**Problem details:** Find the line with "Train of Thought" and the line with "The Disgustingly Resilient" in the entries below; output exactly those two lines, every line between them, and no others.

**Records for this task:**
--------
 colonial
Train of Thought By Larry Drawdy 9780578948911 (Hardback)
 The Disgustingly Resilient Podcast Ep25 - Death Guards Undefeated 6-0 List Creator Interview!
--------
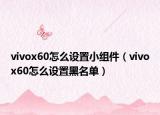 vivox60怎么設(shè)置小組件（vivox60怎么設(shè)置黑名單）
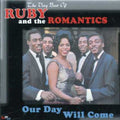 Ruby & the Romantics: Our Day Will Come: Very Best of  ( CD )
--------
**Exercise result:**
Train of Thought By Larry Drawdy 9780578948911 (Hardback)
 The Disgustingly Resilient Podcast Ep25 - Death Guards Undefeated 6-0 List Creator Interview!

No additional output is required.